Yolanda Pantin nació en Caracas en 1954, aunque pasó su infancia en la localidad de Turmero, “el derrame de Maracay”, en el Estado de Aragua: “Es un lugar con base real aunque inventado… Lo que llamo Turmero está en mi cabeza”, ha confesado. Allí permanece la casa familiar que levantó su padre, tan presente en su poesía desde su primer libro, que la nombra: “Mi padre sueña un lugar. Habla de paisaje, de jardín, de un alto muro que lo defienda”.
Estudió Letras en la Universidad Católica Andrés Bello.

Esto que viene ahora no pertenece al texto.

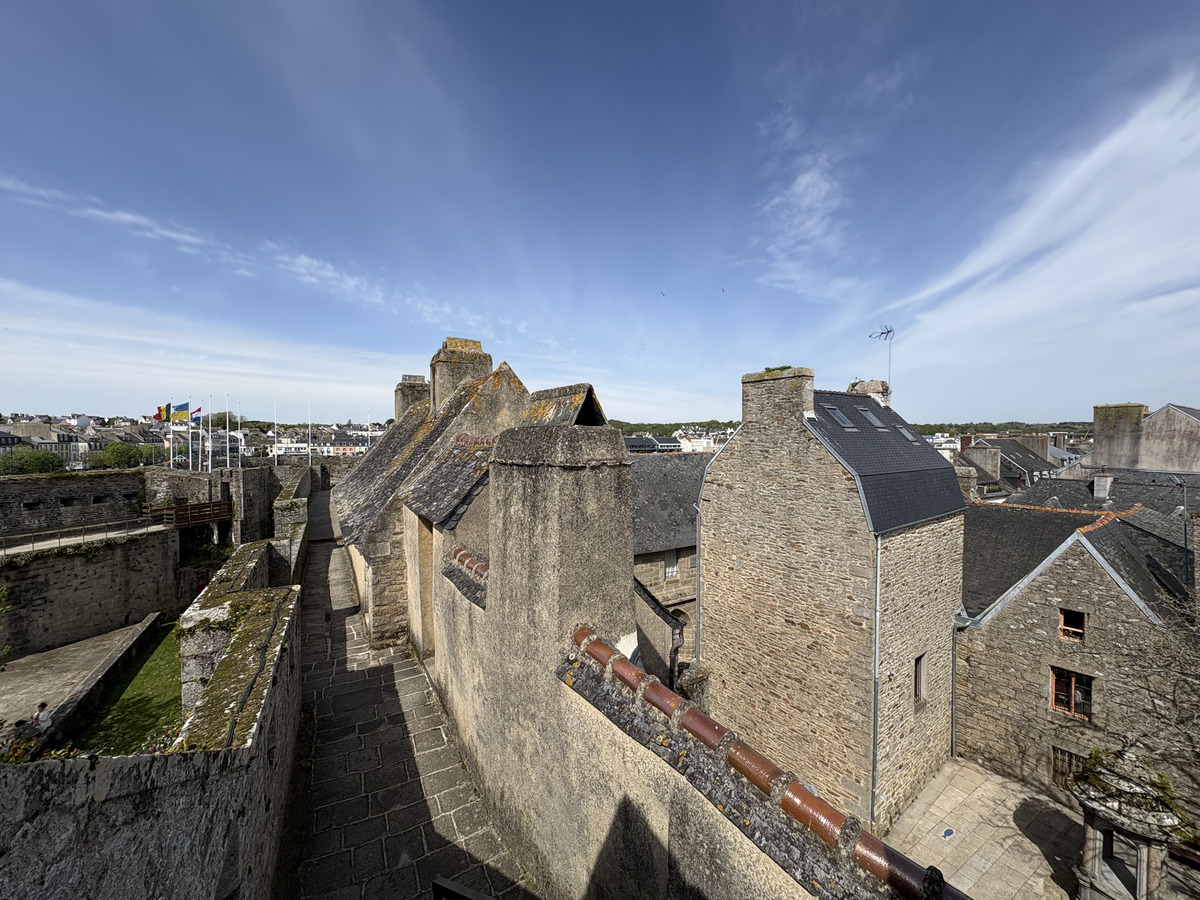 Picture France Concarneau Ville close 2026-04 85 - Sunrise Ville close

Además de ensayista, dramaturga, fotógrafa, editora (cofundó Pequeña Venecia) y autora de literatura infantil y juvenil, es poeta. Suyos son los libros Casa o lobo (1981, que apareció en la entonces prestigiosa editorial Monte Ávila), Correo del corazón (1985), La canción fría (1989), Poemas del escritor (1989), El cielo de París (1989), Los bajos sentimientos (1993), La quietud (1998), El hueso pélvico (2002), Poemas huérfanos (2002), La épica del padre (2002), País (2007), 21 caballos (2011), Bellas ficciones (2016) y Lo que hace el tiempo (2017). Los recogió en País. Poesía reunida (1981-2011) (Pre-Textos, 2014, en edición de Antonio López Ortega).
Ha obtenido, entre otros, los premios Fundarte (Caracas), Poetas del Mundo Latino “Víctor Sandoval” (Aguascalientes, México), Casa de América (Madrid) y Federico García Lorca (Granada). Fue becaria de las fundaciones Rockefeller y Guggenheim.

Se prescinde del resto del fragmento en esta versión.